**Assignment**
Skipping all pictures, please restate word for word the lines from the one that contains "The Larson Lingo" through the last line of the entries.

Stored data entries
━━━━━━

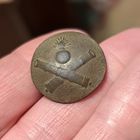 Пуговица Гренада на пушках.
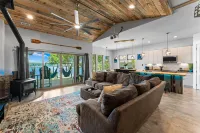 Nancy Key W/Pool, Wine Cave, Optional Boat Rental - Pet friendly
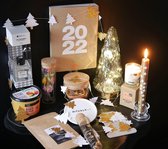 kerstpakket, cadeaupakket voor vrouw incl. Linda agenda 2022, vegan geurkaars, biologische kerst thee, rituals onderzetter, glazen theezeefje, droogbloem boeketje, led kerstboom, rustik lys k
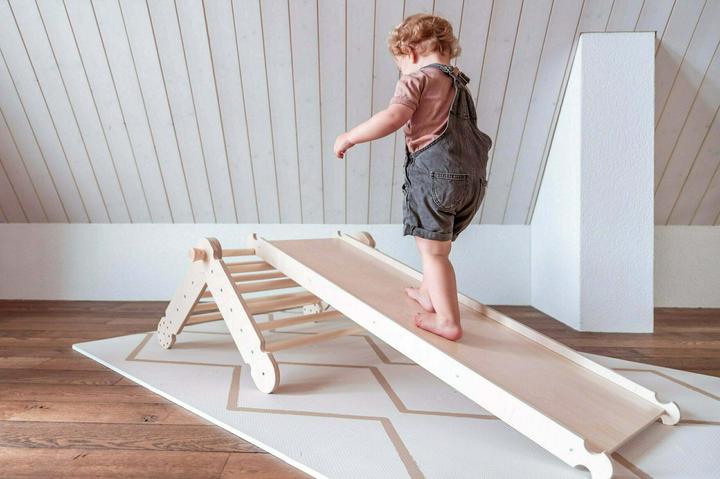 Produktbild Müggi Wandelbares Pikler Kletterdreieck Set mit Rutsche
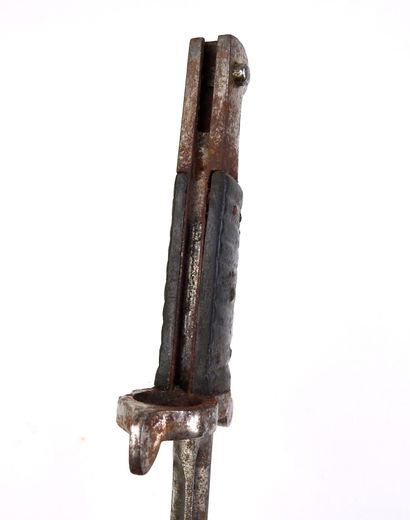 BAIONETTES. MANCEAUX-type test bayonet, 10-fluted...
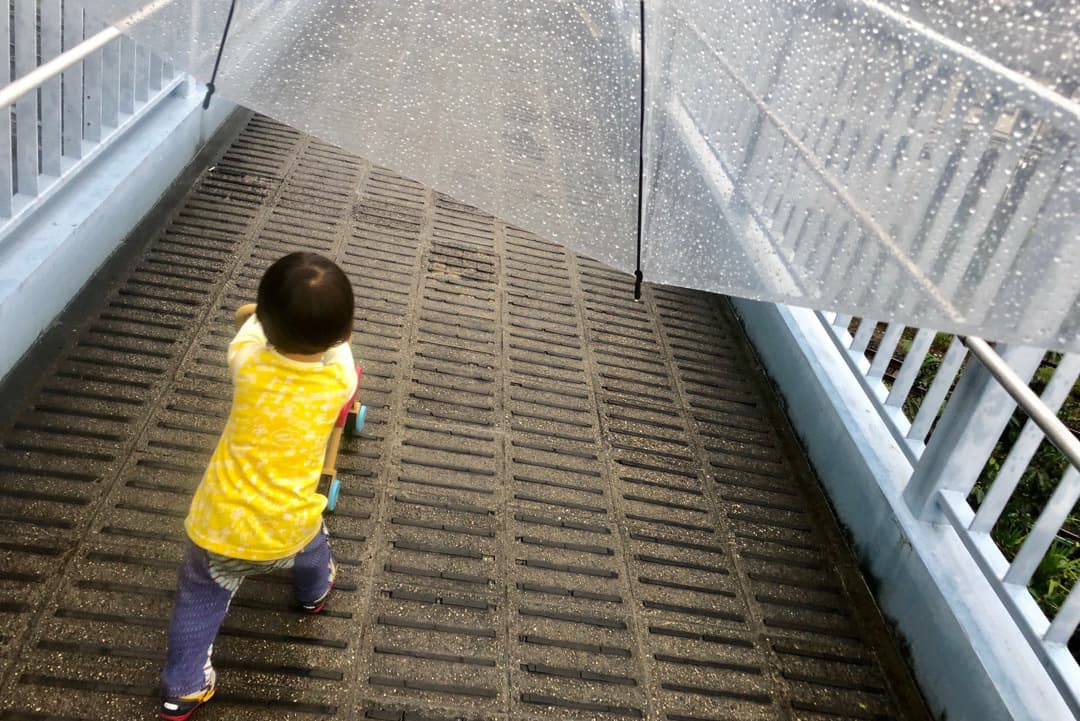 雨の中走る子供の写真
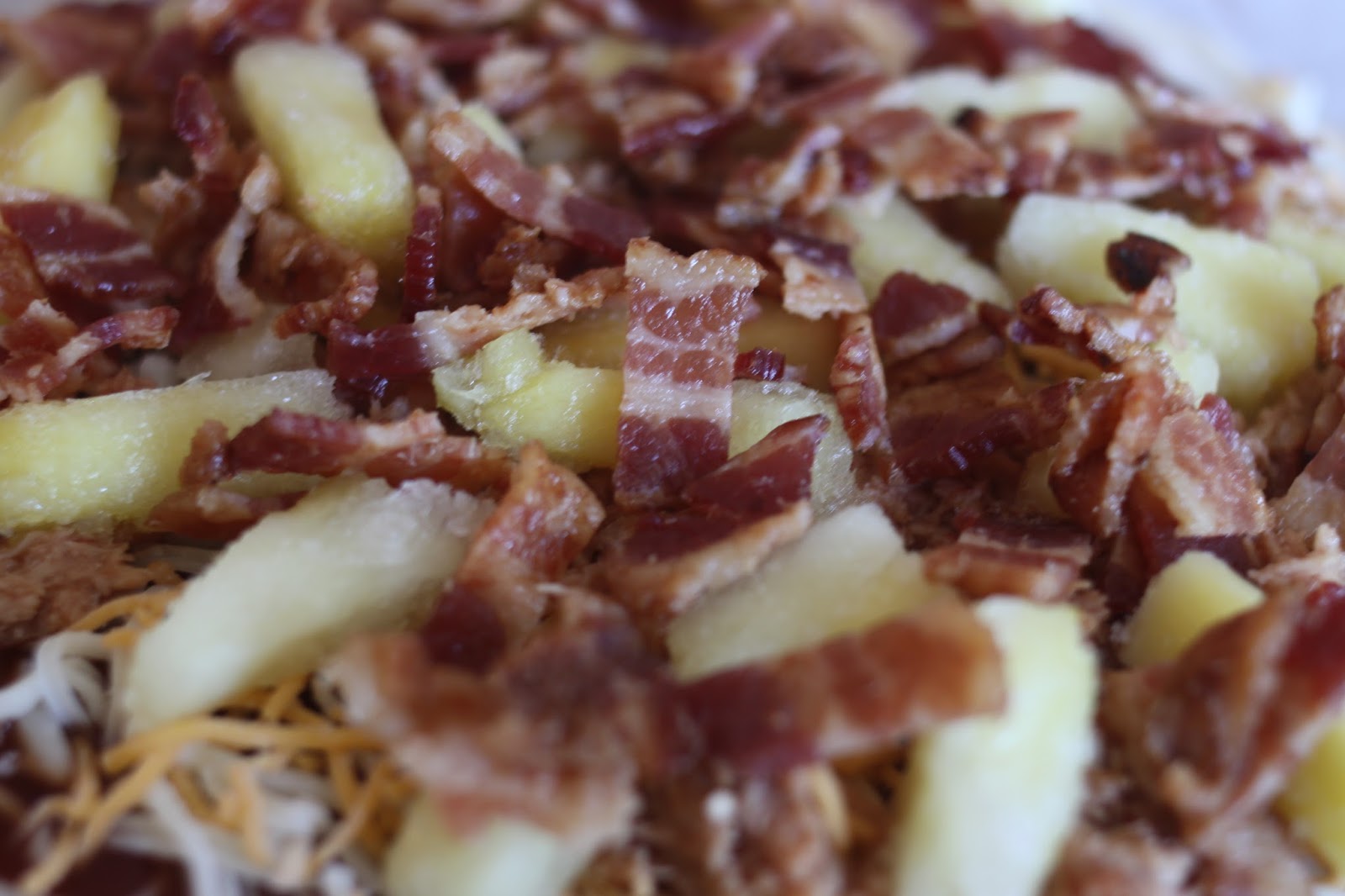 The Larson Lingo Pineapple Chicken Luau & Bacon Pizza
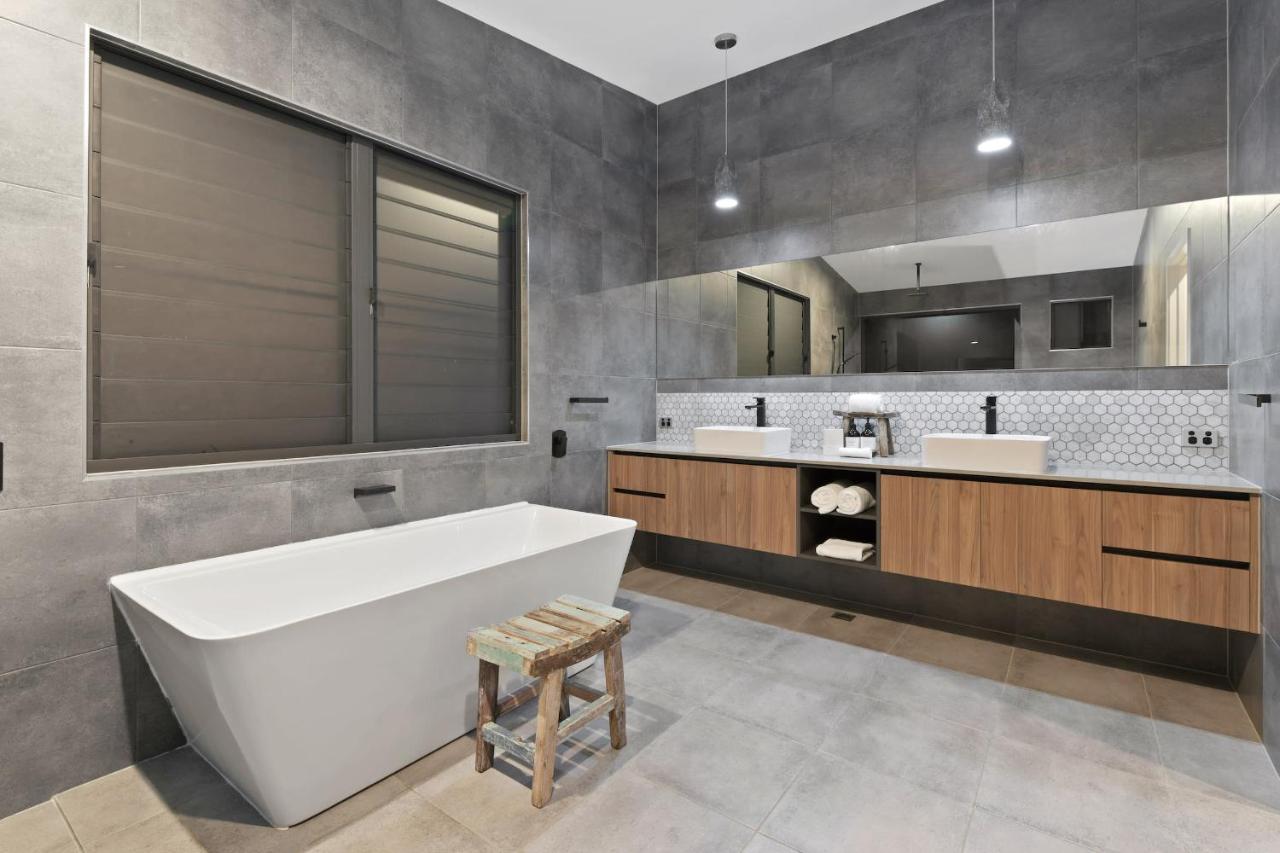 Villa Thirty One - Balinese Inspired Escape *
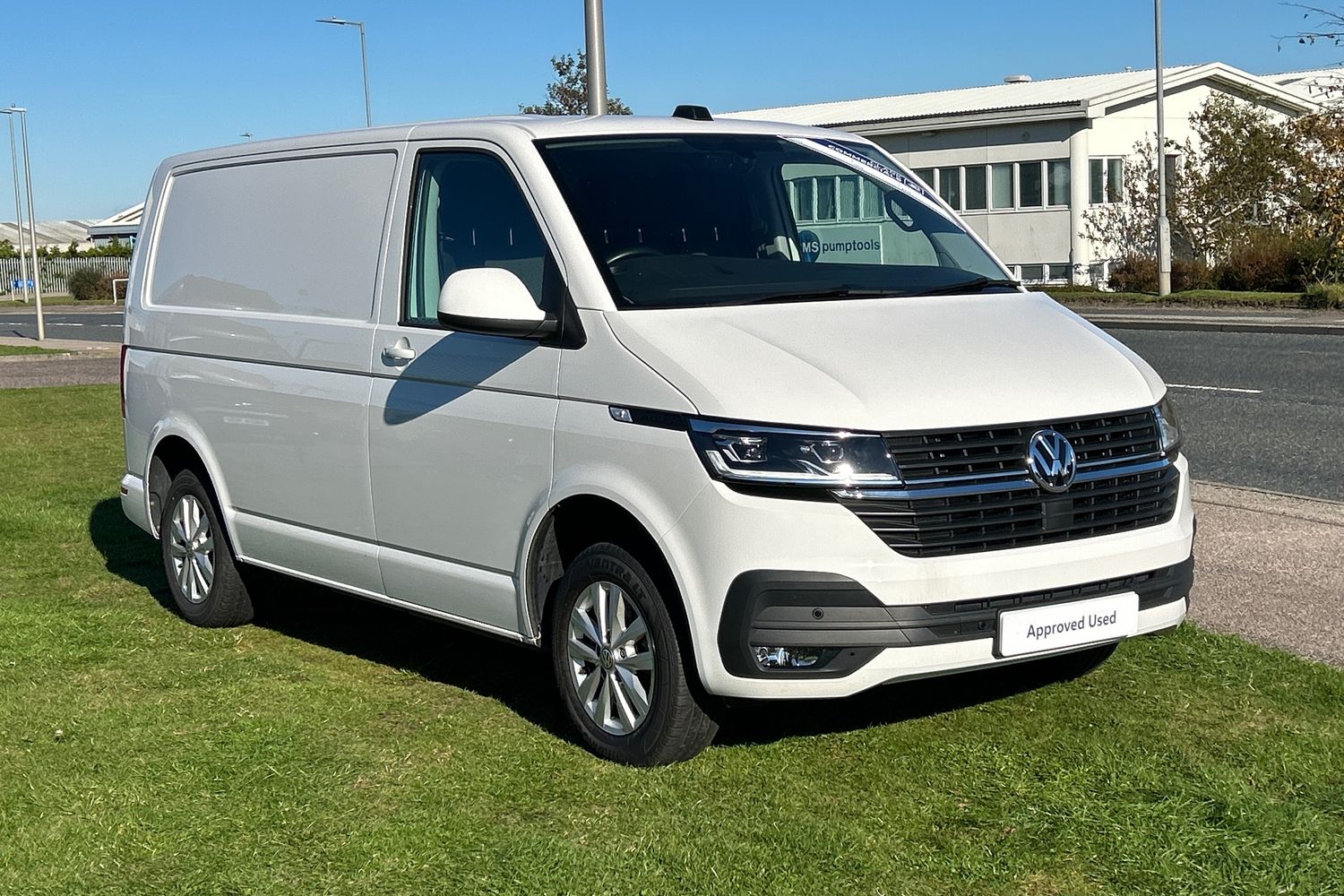 Main listing image - Volkswagen Transporter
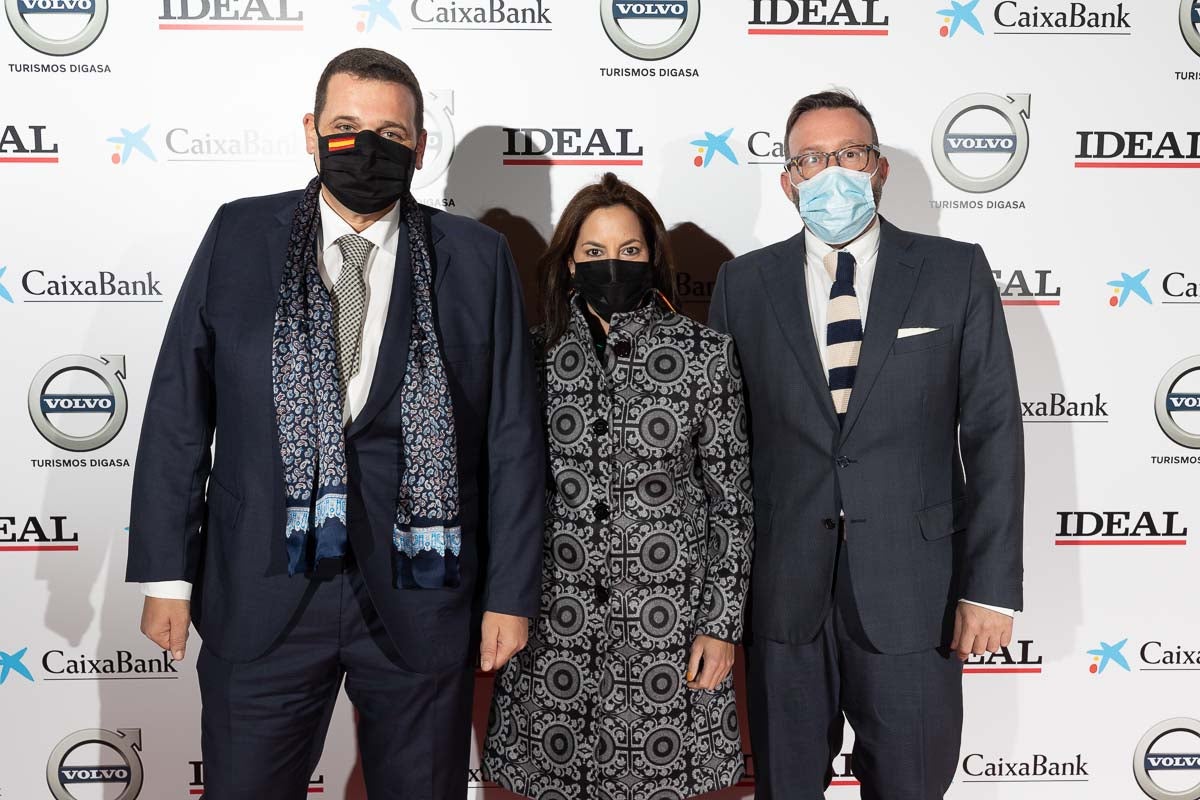 Homenajeados, autoridades e invitados en la gala de entrega de los Premios Ideales 2021.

━━━━━━

**The answer**
 The Larson Lingo Pineapple Chicken Luau & Bacon Pizza
 Villa Thirty One - Balinese Inspired Escape *
 Main listing image - Volkswagen Transporter
 Homenajeados, autoridades e invitados en la gala de entrega de los Premios Ideales 2021.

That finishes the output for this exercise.